Researchers who looked at a nationally representative group of more than 170,000 US adults found the difference actual weight and perceived ideal weight was a better indicator of mental and physical health than body mass index (BMI).
"The obesity 'epidemic' might have a lot more to do with our collective preoccupation with obesity than obesity itself," the study's lead author, Dr. Peter Muennig of Columbia University in New York City, told Reuters Health. "We still need to focus on healthy diet and exercise as public health officials, but we need to take fatness out of the equation. Were we to stop looking at body fat as a problem, the problem may well disappear."
Well, no kidding. Fat is not the problem, it's people's obsession with it (by people, I mean MSM, the diet industry, big pharma, and the medical community, who have made it an obsession for the rest of the world).
Some researchers have suggested that stress due to stigmatization could be a factor in the health problems obese people have, such as high blood pressure and diabetes, he and his colleagues note in the March issue of the American Journal of Public Health.
Stress? Stigmatization? Yeah, there's that, all right. (I don't know that stress can be a cause of diabetes or high blood pressure, but it certainly does make it worse if you already have those or have other risks for them besides weight.)
When the researchers used statistical techniques to control for the influence of age and body mass index, they found that the more dissatisfied a person was with his or her weight, the more "bad days" he or she had. The relationship was strongest in non-Hispanic whites and women.
This is really a no-brainer. Why the hell did it take so long for someone to get a clue and say "We really need to research this and get the word out there that obsessing about fat can be worse than being fat, as far as health is concerned"?
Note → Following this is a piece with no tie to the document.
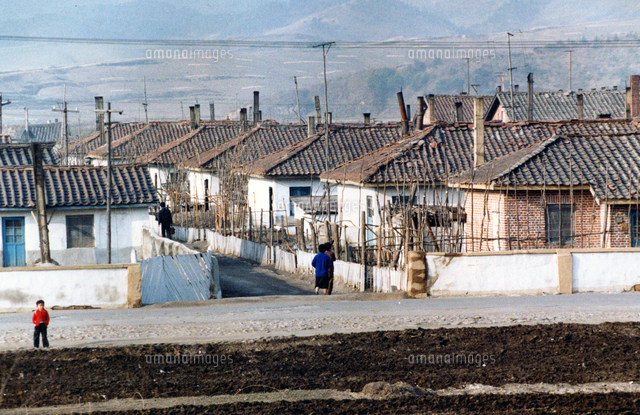1993年 北朝鮮 地方[22973001981]の写真・イラスト素材｜アマナイメージズ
As far as how many bad days a month a person has, depending on how much weight they need to lose, I think the people who participated were under-reporting the number of bad days they had (not knowing how the questions were worded, and what constituted a bad day leaves a lot to be desired, IMO). Women who thought they needed to lose 1% of their weight had .1 more bad days, and women who thought they needed to lose 20% of their weight had 4.3 more bad days a month than women who were happy with their weight. Didn't say how many bad days a month women who were happy with their weight had, so we really don't have a good basis for comparison here. How many bad days did women who were happy with their weight have? I would think that a lot of this is subjective, depending on how well your day goes in other areas of your life (how easy was it to get the kids up and off to school, did you have an argument with a co-worker or your boss, did you get cut off in traffic, etc, etc as well as did you get nasty comments from passers-by/co-workers/doctors/etc about your weight on that day). Did they control just for feelings about weight?
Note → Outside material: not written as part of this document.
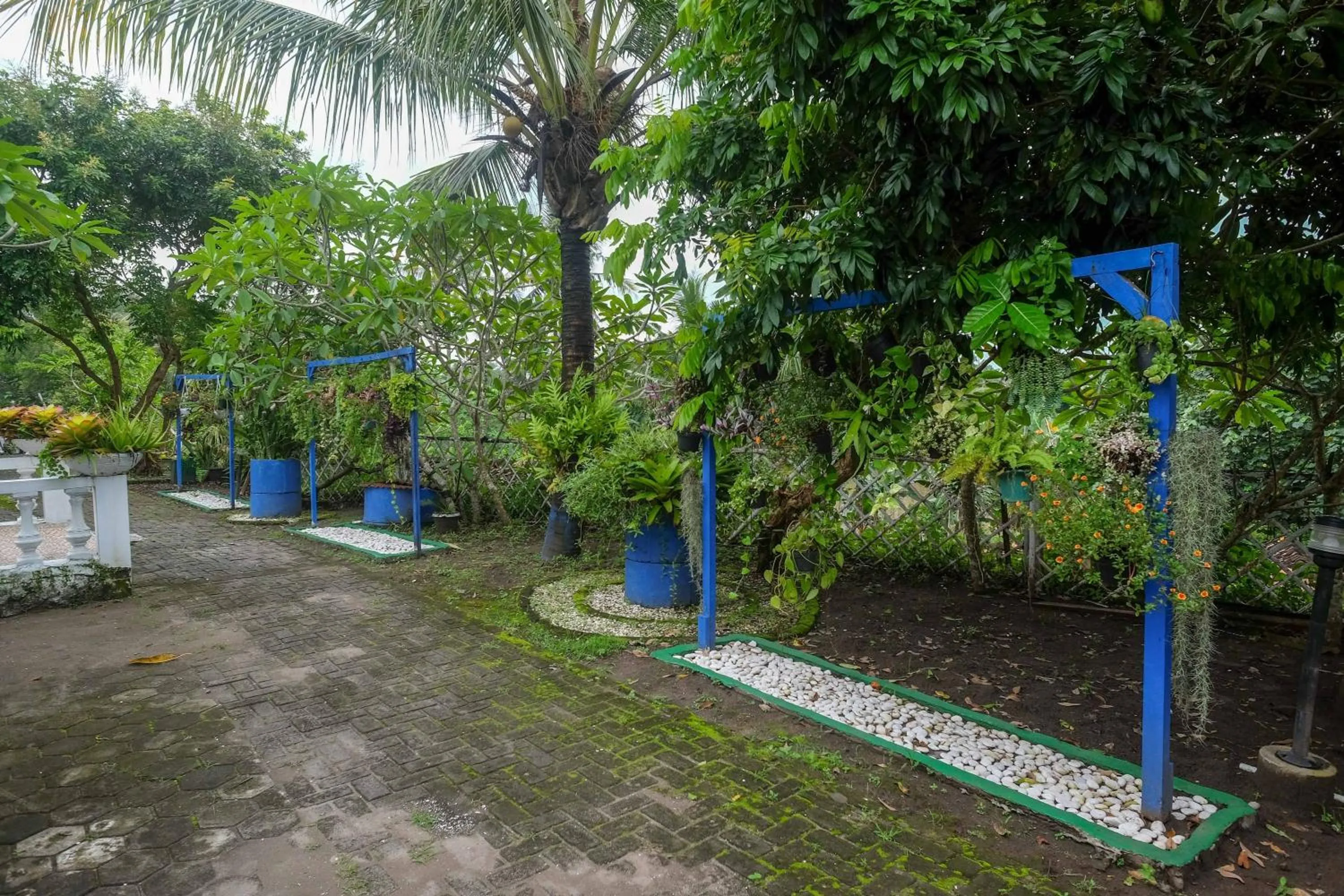 Garden in RedDoorz at Paris Ocean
Women experience more stigma for being fat than men, and excess weight may be less acceptable among white people than among African-Americans or Hispanics, the researchers note.
Ya think? That's all I can say, really.
In a study now under review, Muennig said his group found that being overweight doesn't increase mortality in ethnic groups that are more accepting of heavy people. "For instance, African-Americans as a group experience almost no excess mortality, even for women who are 5'5" and 250 pounds," he noted in an e-mail interview.
But that's coming to an end, folks. The diet industry/big pharma/medical community are hungry for more dollars so those of you who aren't white are the next targets of the OMG OBESITY EPIDEMIC hysteria. They're starting to work on you right now (witness Queen Latifah shilling for Jenny Craig).
"There needs to be a realization among public health officials and medical professionals that the messages we are giving the public could be doing more harm than good," Muennig said.
Really? It's about damned time someone figured this out. Now if doctors would just believe it and start to practice in earnest "First, do no harm" by seeing us as people instead of walking blobs of fat.